The Gradio app runs locally and provides a live interface for webcam and microphone input.

### Robot companion

In a separate terminal, run the robot simulation:

```bash
cd Stride_bot-main
python bot_walk.py
```

The robot reads the current emotion from `emotion_state.json` and changes gait accordingly.

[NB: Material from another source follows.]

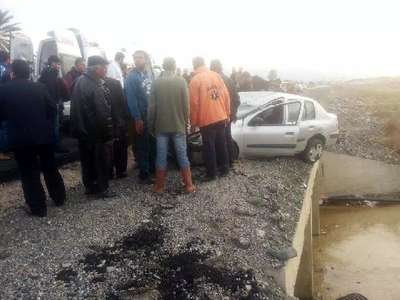 Lastiği patlayan otomobil takla attı, dereye uçmaktan kurtulan 3 kişi yaralandı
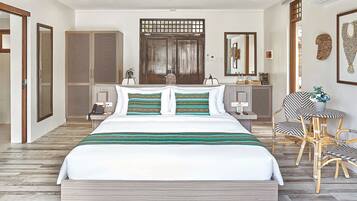 Escritorio, espacio para trabajar con laptop y cortinas blackout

### ROS 2 / Gazebo behaviour stack

If you are using the ROS 2 integration variant, start the simulator and behaviour nodes in separate terminals:

```bash
source /opt/ros/humble/setup.bash
source ~/ros2_ws/install/setup.bash

ros2 launch go2_config gazebo.launch.py
ros2 launch go2_behaviour emotion_motion.launch.py
```

You can also dispatch manual commands from the CLI:

```bash
ros2 run go2_behaviour behaviour_commander --action move --value 3.0 --emotion happy
ros2 run go2_behaviour behaviour_commander --action turn --value 90.0 --emotion angry
ros2 run go2_behaviour behaviour_commander --action move --value 1.5 --emotion sad
```

---

## Robot Integration

The robot side of ERIS is designed to turn emotion into visible motion rather than a simple preset animation.

### Behaviour mapping
- **Happy**: energetic, bouncy, prancing gait
- **Sad**: slower movement with a hunched posture
- **Angry**: faster, more forceful motion with sharper turns
- **Neutral**: stable, calm baseline locomotion

### Motion design
- Smooth interpolation between emotion states
- Safe posture updates to avoid inverse kinematics instability
- Dynamic adjustment of gait parameters such as stance duration and swing height
- Heading correction using ground-truth odometry in the ROS 2 variant

### Bridge between app and robot
The multimodal app can publish the current emotion state directly to the robot control layer, allowing the perception pipeline and the robot behaviour pipeline to operate as one connected system.

---

## Model Notes

The multimodal network uses:

- **WavLM-Base+** for speech emotion features
- **ViT-Face-Expression** for facial emotion features
- **Temporal pooling / transformer-based aggregation** for sequence-level video understanding
- **Learned gated fusion** to balance audio and video on a per-sample basis
- **Final classifier** to predict the emotion label

This design makes the model more robust than using either modality alone.

---

## Acknowledgements

- **WavLM-Base+** for speech feature extraction
- **ViT-Face-Expression** for facial emotion classification
- **Groq / Llama 3.1 8B** for low-latency empathetic response generation
- **MediaPipe** for face detection
- **Stride Bot** for the quadruped simulation and gait framework
- **ROS 2**, **Gazebo Fortress**, and **CHAMP** for the embodied robotics pipeline

---

## License

This project contains components derived from the Stride Bot quadruped simulation, which retains its original GPL-3.0 licence in `Stride_bot-main/LICENSE`. Any additional project code should be licensed according to your repository policy.

---

## Summary

ERIS is a real-time emotion-aware interaction system that combines speech and facial emotion recognition, learned multimodal fusion, contextual LLM responses, and emotion-driven quadruped motion into a single integrated pipeline.